LA RECRUDESCENCE DES ACCIDENTS, UNE DES CONSEQUENCES DE L’ARRET DES TRAINS
L’arrêt des activités ferroviaires crée des conséquences socio économiques inestimables sur le corridor et dans le pays. En effet, toutes les villes situées sur la ligne connaissaient un bouillonnement économique extraordinaire, surtout autour des gares qui faisaient ainsi vivre beaucoup de populations. Il s’y ajoute selon l’avis de Mambaye Tounkara, la dégradation des routes, la recrudescence des accidents de la circulation. Pour lui, c’est bel et bien l’arrêt de l’activité ferroviaire qui est à la base des accidents car il est clair qu’un autre moyen de locomotion ne peut concurrencer le chemin de fer en matière de transport de masse. Si le chemin était en activité tant au niveau national qu’international avec la ligne Dakar-Bamako en assurant le transport de passagers et de marchandises, jamais ce phénomène des accidents qui inquiète tout le monde ne serait à l’ordre du jour. Au lieu d’en parler dit-il, pour chercher ensembles les bonnes solutions, note Mambaye Tounkara, les élites politiques ont failli à leur rôle en préférant évoquer une problématique du pétrole et du gaz en focalisant le débat sur un supposé vol de ces ressources, qui ne sont même pas encore exploitées. Et pendant ce temps le chemin de fer, la première société de l’Afrique Occidentale Française est totalement aux arrêts et tout le monde fait comme si de rien n’était alors que les conséquences sont énormes. Devant une telle situation, le Port Autonome de Dakar (PAD) est en train de perdre sa valeur, parce que les bateaux font plus de temps, faute d’évacuer rapide du fret, ce qui induit des dépenses supplémentaires. L’impact de l’arrêt du train est passé par là, car le chemin de fer parvenait à évacuer plus de 10% du fret annuel au Port, de 3 millions de tonnes. De l’avis de Mambaye Tounkara, jamais les camions avec leur mono bloc, ne pourront assurer correctement le transport du fret à parti du Port.
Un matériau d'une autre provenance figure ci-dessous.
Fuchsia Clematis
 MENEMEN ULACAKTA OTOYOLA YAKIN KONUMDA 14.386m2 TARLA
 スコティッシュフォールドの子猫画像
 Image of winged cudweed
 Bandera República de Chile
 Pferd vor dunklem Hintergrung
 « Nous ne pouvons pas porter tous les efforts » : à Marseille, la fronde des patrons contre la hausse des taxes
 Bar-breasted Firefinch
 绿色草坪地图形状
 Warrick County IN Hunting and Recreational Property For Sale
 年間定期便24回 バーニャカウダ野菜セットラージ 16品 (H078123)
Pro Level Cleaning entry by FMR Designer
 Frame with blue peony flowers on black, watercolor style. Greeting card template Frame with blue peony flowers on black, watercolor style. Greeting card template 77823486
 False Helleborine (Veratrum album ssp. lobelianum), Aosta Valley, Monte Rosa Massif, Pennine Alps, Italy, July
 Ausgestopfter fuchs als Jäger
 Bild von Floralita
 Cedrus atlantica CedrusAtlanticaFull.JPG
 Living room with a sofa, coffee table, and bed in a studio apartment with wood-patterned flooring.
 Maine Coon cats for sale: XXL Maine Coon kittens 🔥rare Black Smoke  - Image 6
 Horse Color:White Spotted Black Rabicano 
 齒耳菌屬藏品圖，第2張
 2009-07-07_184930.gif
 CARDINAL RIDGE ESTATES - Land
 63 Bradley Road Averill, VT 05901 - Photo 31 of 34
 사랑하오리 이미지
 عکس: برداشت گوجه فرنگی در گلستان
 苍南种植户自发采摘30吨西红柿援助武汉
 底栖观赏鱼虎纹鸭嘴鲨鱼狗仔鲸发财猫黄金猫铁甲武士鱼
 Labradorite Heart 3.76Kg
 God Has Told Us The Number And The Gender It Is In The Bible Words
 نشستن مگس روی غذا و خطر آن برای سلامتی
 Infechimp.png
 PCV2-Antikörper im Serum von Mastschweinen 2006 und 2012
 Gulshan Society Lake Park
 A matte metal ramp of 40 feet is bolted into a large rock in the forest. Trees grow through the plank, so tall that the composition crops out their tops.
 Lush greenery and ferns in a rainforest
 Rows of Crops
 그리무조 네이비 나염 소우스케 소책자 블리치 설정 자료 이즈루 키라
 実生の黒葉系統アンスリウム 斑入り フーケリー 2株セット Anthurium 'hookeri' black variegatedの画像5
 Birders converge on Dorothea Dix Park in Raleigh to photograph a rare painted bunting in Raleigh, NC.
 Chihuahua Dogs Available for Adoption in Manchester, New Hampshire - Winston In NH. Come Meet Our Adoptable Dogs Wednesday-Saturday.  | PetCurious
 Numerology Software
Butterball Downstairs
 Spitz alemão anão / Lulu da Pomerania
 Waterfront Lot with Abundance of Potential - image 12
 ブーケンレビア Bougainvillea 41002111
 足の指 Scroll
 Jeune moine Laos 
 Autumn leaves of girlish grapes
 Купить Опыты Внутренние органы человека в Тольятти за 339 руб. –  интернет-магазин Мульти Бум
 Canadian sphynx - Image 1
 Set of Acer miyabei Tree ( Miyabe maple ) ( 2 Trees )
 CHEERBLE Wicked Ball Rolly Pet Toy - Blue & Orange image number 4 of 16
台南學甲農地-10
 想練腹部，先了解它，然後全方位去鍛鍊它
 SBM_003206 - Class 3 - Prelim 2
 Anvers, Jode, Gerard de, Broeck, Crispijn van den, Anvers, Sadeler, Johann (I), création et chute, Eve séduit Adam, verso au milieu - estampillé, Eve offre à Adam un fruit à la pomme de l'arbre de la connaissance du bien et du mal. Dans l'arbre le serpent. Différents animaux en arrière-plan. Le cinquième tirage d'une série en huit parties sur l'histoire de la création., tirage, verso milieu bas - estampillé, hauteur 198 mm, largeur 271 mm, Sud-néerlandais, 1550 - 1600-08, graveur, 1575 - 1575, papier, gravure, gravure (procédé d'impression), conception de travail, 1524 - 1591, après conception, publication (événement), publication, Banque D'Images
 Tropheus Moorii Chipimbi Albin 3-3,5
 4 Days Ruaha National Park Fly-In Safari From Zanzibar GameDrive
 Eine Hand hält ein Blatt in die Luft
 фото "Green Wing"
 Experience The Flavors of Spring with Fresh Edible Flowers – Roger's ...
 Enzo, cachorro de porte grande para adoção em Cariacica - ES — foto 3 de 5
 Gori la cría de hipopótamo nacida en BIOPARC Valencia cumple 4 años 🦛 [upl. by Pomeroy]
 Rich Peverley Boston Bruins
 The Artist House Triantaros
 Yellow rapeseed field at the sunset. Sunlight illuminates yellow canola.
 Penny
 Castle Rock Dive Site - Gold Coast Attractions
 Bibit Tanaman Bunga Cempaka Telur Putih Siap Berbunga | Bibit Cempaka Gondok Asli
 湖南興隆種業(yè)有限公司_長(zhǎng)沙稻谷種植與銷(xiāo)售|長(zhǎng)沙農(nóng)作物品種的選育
LES URGENCES, POUR SAUVER CE QUI PEUT ENCORE L’ETRE
Malgré la complexité de la situation du chemin de fer au Sénégal, tout n’est pas encore perdu et la réalisation de certaines urgences peut remettre le train sur les rails. Il y a d’abord selon Mambaye Tounkara, la nécessité de débloquer les 10 milliards de Fcfa, qui découlent des engagements pris par les Etats lors de la rencontre de juillet, pour au moins permettre à l’Administration Générale d’avoir les moyens qu’il faut, pour aller très rapidement dans le sens de refaire les parties critiques de la voie notamment entre Tambacounda-Kidira, Bamako-Kayes et de chercher des locomotives d’ici la fin du mois de décembre. Si ce processus est déclenché, il s’agira maintenant d’aller vers la reprise du trafic voyageur, le Petit Train de Banlieue (PTB), ayant été plombé par le Train Express Régional (TER). C’est ainsi que le syndicaliste suggère la mort du PTB et le reversement de son personnel dans celui de DBF pour la réouverture des lignes Dakar-Saint-Louis, Dakar-Kaolack, Diourbel-Touba, qui sont des voies métriques qui peuvent bien être consolidées. De la même manière que l’Etat a débloqué des moyens importants pour accompagner le TER, il doit pouvoir le faire pour DBF, pour faire renaître ce trafic. Donc, l’urgence est que l’Etat mette tous les moyens pour que l’entreprise puisse reprendre ses activités.